東京で周りのみなさんたちは「笑いで元気に」っておっしゃる。僕らもその気になって、震災のあと現地に行ってコントとか漫才とかやったんですが、やはりそんな状況じゃないんですね。誰も笑いを求めていない。

「20人は食べられなくなるのでお持ち帰りください」

【伊達】支援物資をたくさん持って行ったんですが、行って初めて避難所のルールというのか、それを知りました。たとえば100人いらっしゃるところにお饅頭を80個買って「少し足りませんがどうぞ召し上がってください」と渡すと、「20人は食べられなくなるのでお持ち帰りください」と。

僕らは良かれと思って適当に買って行くんだけど、現場のルールというのがあるんだなと。災害支援って何なんだろうかということを考えましたね。

木箱に入ったお饅頭
写真=iStock.com/Kayoko Hayashi
「20人は食べられなくなるのでお持ち帰りください」(※写真はイメージです)

――行政はそう対応するんですよね。ただ緊急時には平等でなくとも、できるところから少しでも早く支援をして行くべきという危機管理の考えもあります。

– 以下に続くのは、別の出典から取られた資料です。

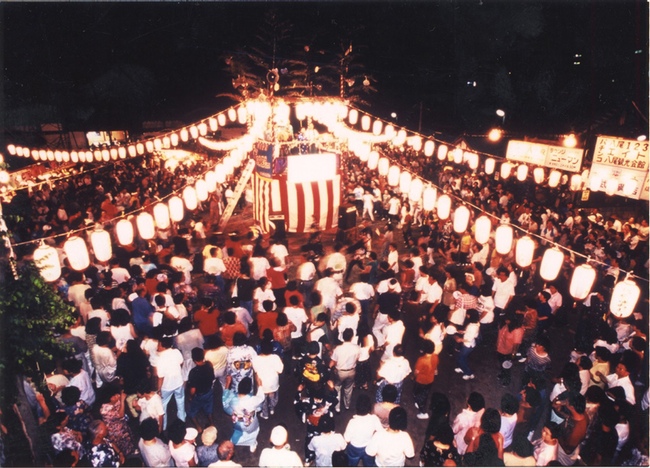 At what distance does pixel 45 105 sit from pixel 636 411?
28.2 meters

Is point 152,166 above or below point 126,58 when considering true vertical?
→ below

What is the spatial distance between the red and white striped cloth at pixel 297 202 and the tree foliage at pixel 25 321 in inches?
362

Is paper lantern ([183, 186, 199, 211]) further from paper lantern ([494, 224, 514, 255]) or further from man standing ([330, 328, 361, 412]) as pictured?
paper lantern ([494, 224, 514, 255])

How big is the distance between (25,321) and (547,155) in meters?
16.7

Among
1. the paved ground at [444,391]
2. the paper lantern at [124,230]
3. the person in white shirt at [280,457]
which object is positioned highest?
the paper lantern at [124,230]

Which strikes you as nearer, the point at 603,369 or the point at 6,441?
the point at 6,441

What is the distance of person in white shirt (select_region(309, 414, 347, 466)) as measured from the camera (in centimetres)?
525

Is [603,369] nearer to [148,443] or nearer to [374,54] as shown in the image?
[148,443]

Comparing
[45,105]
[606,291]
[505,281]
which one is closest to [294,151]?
[505,281]

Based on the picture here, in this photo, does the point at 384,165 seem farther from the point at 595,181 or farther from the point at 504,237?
the point at 595,181

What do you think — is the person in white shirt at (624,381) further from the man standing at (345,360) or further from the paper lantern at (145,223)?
the paper lantern at (145,223)

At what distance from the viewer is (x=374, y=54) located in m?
31.8

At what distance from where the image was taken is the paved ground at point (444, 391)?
7.01m

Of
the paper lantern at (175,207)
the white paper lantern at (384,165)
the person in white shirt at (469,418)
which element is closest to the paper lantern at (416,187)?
the white paper lantern at (384,165) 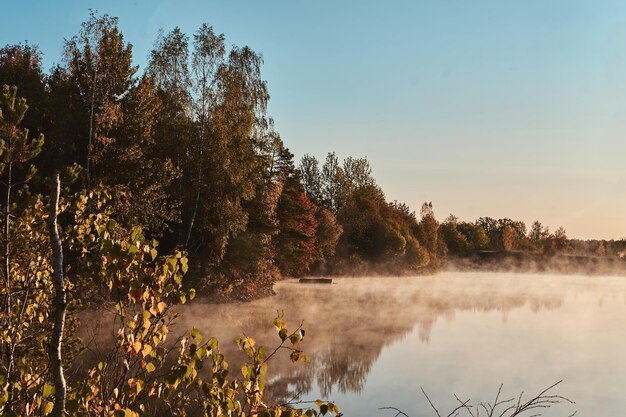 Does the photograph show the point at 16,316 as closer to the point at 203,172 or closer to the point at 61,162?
the point at 61,162

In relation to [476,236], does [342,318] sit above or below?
below

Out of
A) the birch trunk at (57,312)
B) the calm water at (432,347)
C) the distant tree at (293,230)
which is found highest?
the distant tree at (293,230)

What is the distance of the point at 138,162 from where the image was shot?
2495cm

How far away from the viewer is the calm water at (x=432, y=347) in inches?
612

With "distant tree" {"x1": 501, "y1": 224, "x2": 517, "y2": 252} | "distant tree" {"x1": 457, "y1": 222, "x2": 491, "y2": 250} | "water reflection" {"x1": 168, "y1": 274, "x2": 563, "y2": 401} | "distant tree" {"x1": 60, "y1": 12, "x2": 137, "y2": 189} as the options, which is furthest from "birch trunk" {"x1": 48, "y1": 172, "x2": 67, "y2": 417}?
"distant tree" {"x1": 501, "y1": 224, "x2": 517, "y2": 252}

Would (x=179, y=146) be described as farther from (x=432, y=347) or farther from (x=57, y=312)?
(x=57, y=312)

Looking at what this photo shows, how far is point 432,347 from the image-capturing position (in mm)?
22734

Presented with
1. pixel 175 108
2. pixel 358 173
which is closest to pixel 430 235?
pixel 358 173

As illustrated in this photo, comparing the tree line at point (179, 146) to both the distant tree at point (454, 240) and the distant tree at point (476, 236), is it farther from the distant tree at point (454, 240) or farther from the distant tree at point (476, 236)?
the distant tree at point (476, 236)

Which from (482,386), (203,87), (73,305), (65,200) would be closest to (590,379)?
(482,386)

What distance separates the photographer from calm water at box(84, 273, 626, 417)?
1554cm

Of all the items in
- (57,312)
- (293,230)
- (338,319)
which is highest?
(293,230)

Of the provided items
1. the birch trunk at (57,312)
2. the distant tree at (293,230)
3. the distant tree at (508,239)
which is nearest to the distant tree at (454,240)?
the distant tree at (508,239)

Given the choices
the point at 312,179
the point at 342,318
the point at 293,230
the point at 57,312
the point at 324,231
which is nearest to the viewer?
the point at 57,312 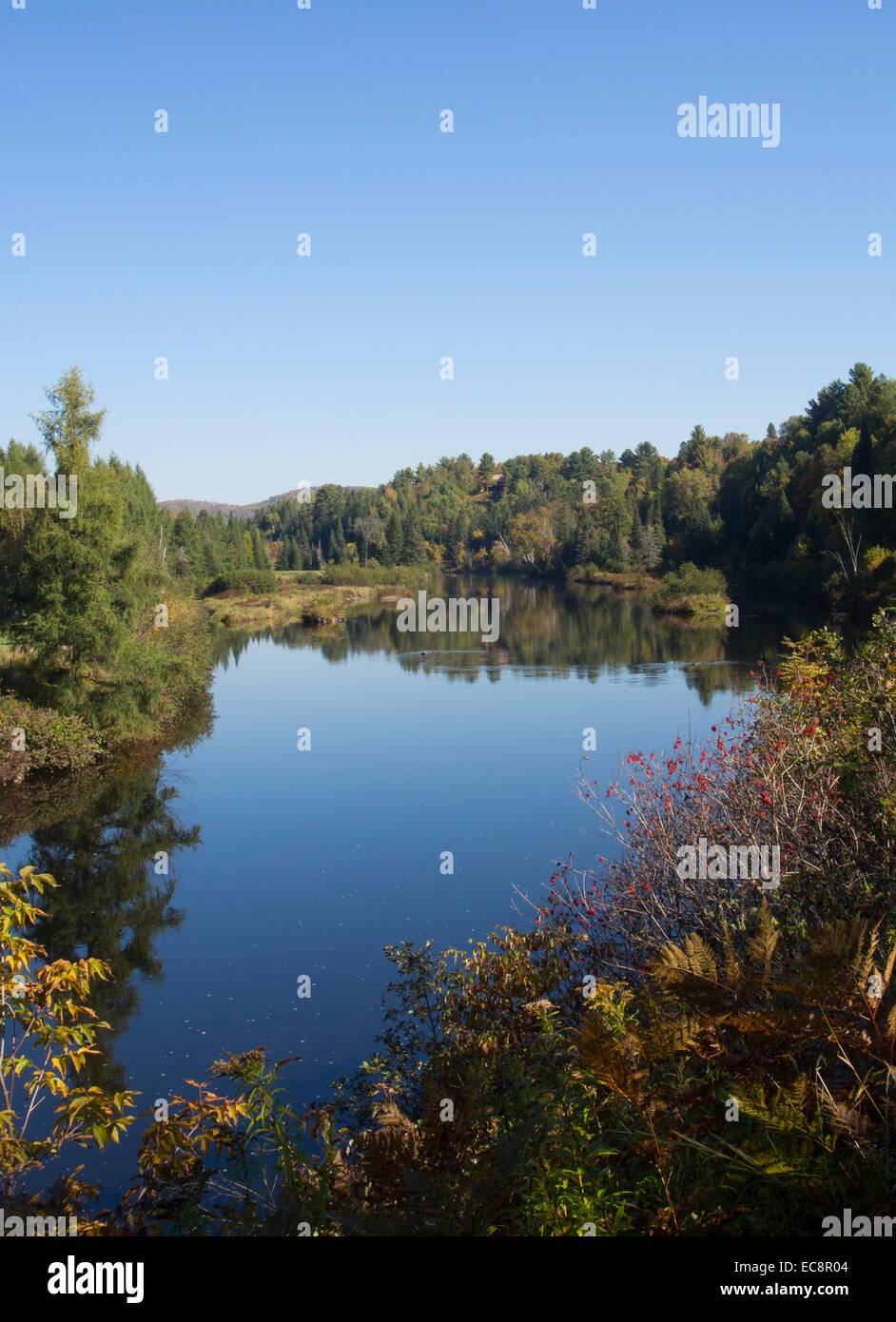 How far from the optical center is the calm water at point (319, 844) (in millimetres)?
9703

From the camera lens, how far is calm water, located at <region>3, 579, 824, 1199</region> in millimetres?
9703

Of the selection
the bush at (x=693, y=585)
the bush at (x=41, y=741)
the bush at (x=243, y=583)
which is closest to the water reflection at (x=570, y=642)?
the bush at (x=693, y=585)

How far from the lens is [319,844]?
50.0 feet

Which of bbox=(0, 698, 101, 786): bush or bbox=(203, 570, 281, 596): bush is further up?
bbox=(203, 570, 281, 596): bush

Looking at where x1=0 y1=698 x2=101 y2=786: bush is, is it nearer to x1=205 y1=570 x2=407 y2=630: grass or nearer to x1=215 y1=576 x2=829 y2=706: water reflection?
x1=215 y1=576 x2=829 y2=706: water reflection

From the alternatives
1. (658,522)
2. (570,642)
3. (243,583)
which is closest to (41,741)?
(570,642)

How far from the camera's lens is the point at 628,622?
47.1m

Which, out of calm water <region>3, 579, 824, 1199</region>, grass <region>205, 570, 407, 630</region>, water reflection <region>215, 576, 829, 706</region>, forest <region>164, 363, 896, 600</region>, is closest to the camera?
calm water <region>3, 579, 824, 1199</region>

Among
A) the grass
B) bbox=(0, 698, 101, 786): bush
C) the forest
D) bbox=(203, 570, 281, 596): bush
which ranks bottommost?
bbox=(0, 698, 101, 786): bush

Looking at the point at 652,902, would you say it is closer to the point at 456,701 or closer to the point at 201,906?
the point at 201,906

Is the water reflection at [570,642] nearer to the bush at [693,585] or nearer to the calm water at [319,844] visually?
the calm water at [319,844]

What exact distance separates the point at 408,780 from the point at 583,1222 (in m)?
15.9

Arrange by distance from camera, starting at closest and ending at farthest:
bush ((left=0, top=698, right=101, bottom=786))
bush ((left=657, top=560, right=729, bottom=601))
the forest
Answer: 1. bush ((left=0, top=698, right=101, bottom=786))
2. the forest
3. bush ((left=657, top=560, right=729, bottom=601))

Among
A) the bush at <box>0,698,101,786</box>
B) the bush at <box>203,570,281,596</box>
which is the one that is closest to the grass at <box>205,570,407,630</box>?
the bush at <box>203,570,281,596</box>
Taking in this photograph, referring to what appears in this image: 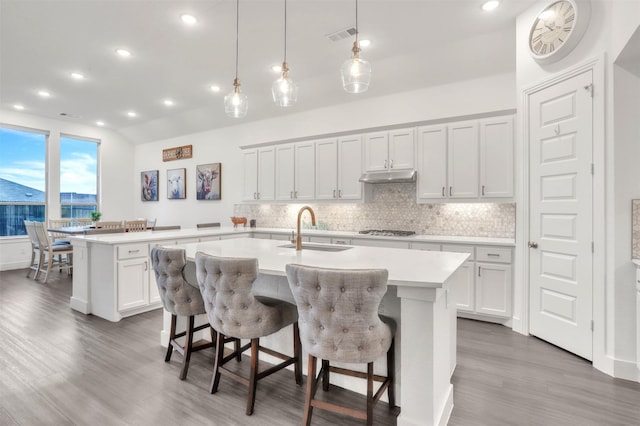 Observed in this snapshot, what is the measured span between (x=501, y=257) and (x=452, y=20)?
101 inches

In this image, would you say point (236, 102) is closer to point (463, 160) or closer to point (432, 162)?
point (432, 162)

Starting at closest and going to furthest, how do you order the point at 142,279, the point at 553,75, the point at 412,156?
the point at 553,75 < the point at 142,279 < the point at 412,156

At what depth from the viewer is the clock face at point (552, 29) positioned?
2843 mm

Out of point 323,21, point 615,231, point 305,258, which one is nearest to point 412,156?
point 323,21

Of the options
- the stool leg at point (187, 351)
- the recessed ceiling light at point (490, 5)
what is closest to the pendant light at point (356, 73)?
the recessed ceiling light at point (490, 5)

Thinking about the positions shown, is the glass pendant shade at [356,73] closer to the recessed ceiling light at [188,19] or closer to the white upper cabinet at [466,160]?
the recessed ceiling light at [188,19]

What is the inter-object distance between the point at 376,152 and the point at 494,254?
2076 millimetres

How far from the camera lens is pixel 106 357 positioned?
2801 millimetres

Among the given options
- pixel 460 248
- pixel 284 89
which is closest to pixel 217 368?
pixel 284 89

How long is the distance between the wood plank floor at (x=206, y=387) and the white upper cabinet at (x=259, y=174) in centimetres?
316

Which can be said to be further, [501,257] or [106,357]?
[501,257]

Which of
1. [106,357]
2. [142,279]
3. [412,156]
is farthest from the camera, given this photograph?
[412,156]

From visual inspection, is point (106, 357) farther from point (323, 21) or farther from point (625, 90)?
point (625, 90)

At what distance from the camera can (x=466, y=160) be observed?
13.4 feet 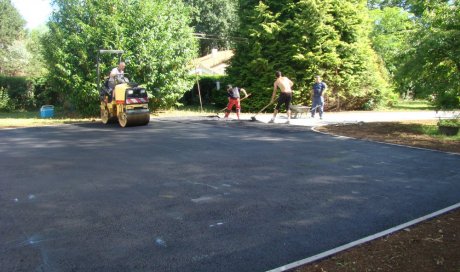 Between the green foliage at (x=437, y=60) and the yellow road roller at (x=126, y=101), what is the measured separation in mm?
8020

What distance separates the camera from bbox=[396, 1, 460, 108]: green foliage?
38.8ft

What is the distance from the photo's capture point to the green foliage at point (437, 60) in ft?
38.8

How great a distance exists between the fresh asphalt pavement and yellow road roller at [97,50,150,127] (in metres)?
3.34

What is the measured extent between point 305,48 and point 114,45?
936cm

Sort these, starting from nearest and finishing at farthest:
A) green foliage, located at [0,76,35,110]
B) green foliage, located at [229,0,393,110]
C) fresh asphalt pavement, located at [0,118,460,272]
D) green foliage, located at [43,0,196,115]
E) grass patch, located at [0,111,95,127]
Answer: fresh asphalt pavement, located at [0,118,460,272] < grass patch, located at [0,111,95,127] < green foliage, located at [43,0,196,115] < green foliage, located at [229,0,393,110] < green foliage, located at [0,76,35,110]

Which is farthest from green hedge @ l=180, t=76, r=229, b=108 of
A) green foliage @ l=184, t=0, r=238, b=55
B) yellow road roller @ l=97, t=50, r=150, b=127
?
green foliage @ l=184, t=0, r=238, b=55

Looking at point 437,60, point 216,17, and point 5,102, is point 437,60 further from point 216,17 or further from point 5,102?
point 216,17

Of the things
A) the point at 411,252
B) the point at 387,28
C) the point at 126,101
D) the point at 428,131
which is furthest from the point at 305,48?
the point at 411,252

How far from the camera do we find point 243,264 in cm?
369

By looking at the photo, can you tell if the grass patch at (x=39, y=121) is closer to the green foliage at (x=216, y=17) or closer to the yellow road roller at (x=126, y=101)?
the yellow road roller at (x=126, y=101)

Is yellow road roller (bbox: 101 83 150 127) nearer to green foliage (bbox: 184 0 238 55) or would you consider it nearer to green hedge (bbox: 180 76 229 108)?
green hedge (bbox: 180 76 229 108)

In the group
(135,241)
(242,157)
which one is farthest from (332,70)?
(135,241)

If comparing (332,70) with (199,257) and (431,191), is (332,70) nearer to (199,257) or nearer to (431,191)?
(431,191)

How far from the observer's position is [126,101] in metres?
13.1
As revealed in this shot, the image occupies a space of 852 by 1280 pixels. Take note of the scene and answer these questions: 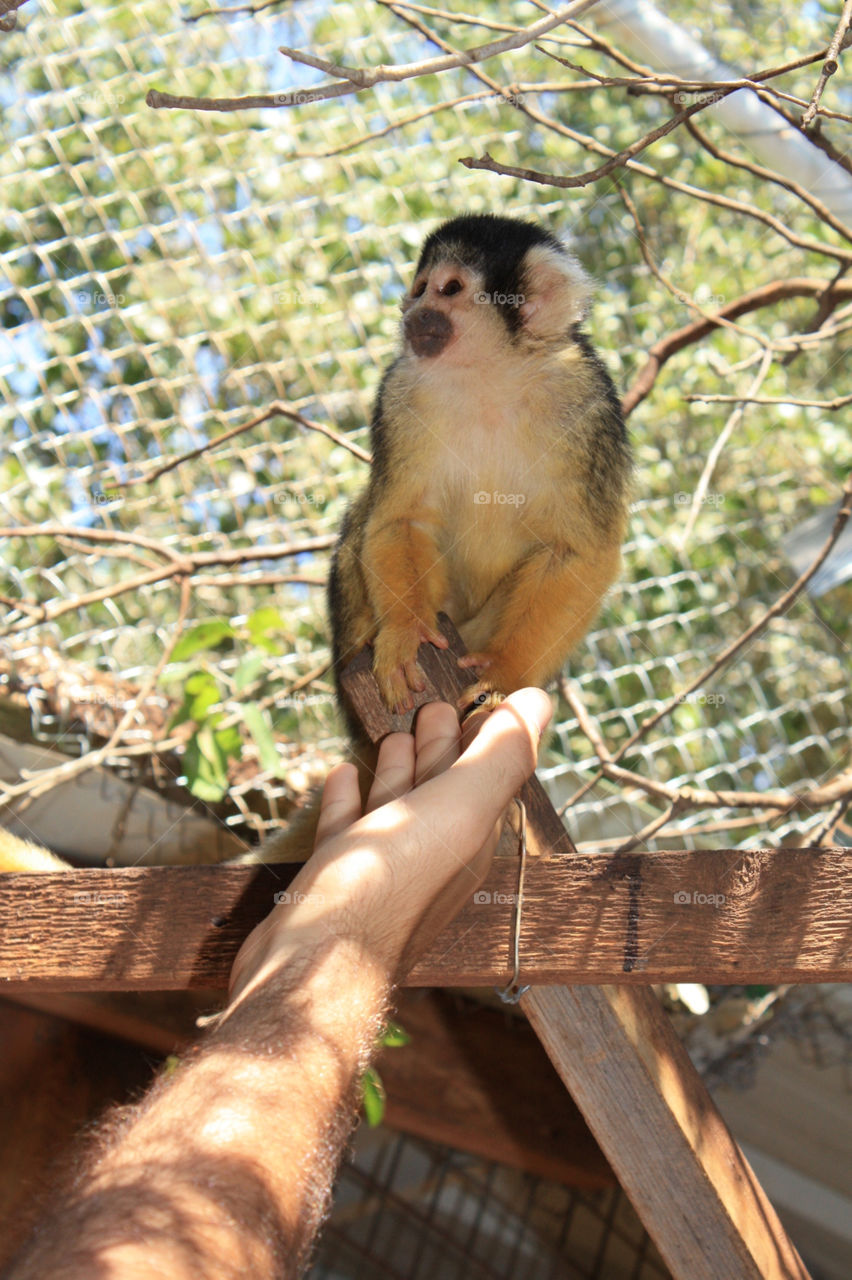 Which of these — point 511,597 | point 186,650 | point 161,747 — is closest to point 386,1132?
point 161,747

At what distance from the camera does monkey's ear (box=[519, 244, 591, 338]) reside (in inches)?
91.7

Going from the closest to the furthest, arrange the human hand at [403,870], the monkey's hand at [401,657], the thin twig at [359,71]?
the thin twig at [359,71], the human hand at [403,870], the monkey's hand at [401,657]

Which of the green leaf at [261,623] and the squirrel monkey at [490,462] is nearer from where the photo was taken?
the squirrel monkey at [490,462]

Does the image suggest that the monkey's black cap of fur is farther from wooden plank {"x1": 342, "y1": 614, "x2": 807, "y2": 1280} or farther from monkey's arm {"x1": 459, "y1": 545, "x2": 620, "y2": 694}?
wooden plank {"x1": 342, "y1": 614, "x2": 807, "y2": 1280}

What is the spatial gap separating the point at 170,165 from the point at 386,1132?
348 centimetres

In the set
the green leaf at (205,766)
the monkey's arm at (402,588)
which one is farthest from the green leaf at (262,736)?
the monkey's arm at (402,588)

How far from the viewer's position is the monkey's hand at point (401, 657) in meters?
1.74

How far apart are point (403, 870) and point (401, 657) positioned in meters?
0.68

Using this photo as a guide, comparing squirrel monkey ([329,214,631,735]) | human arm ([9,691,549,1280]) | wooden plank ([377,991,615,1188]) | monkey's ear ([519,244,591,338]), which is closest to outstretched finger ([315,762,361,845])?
human arm ([9,691,549,1280])

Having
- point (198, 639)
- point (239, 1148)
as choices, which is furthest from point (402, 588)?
point (239, 1148)

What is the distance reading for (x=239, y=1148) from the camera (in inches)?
36.7

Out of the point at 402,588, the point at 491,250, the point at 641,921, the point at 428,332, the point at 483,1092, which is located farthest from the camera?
the point at 483,1092

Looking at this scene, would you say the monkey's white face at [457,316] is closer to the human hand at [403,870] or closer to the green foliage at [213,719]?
the green foliage at [213,719]

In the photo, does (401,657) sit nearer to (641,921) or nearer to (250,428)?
(641,921)
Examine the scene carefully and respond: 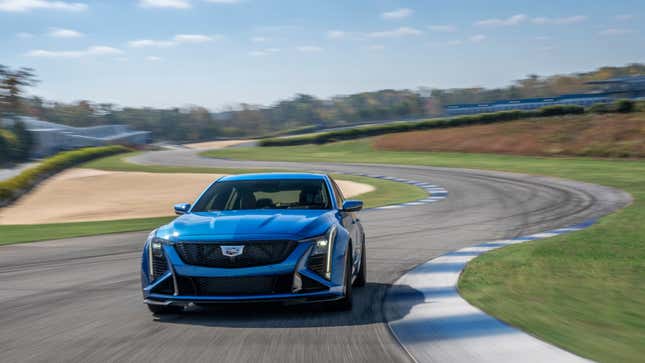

【富澤】いろいろな活動で僕が大事にしているのは義援金もそうですが、あとバスツアーですね。50人くらいの規模ですが、全国から募集して僕らも一緒に東北をいろいろ回るんです。回りながらトークライブをやったり、行った先で語り部から話を聞いたり、そしてお土産屋さんに寄って特産品を買ってもらう。毎年やってるんですが、一時新型コロナウイルスでできませんでした。落ち着いたら、また必ずやりたいです。東北に行ってみようと思っても一人だとなかなか行きづらいかもしれないので、みんなで一緒に、楽しみながら復興につなげようというのも大事かなと思いますね。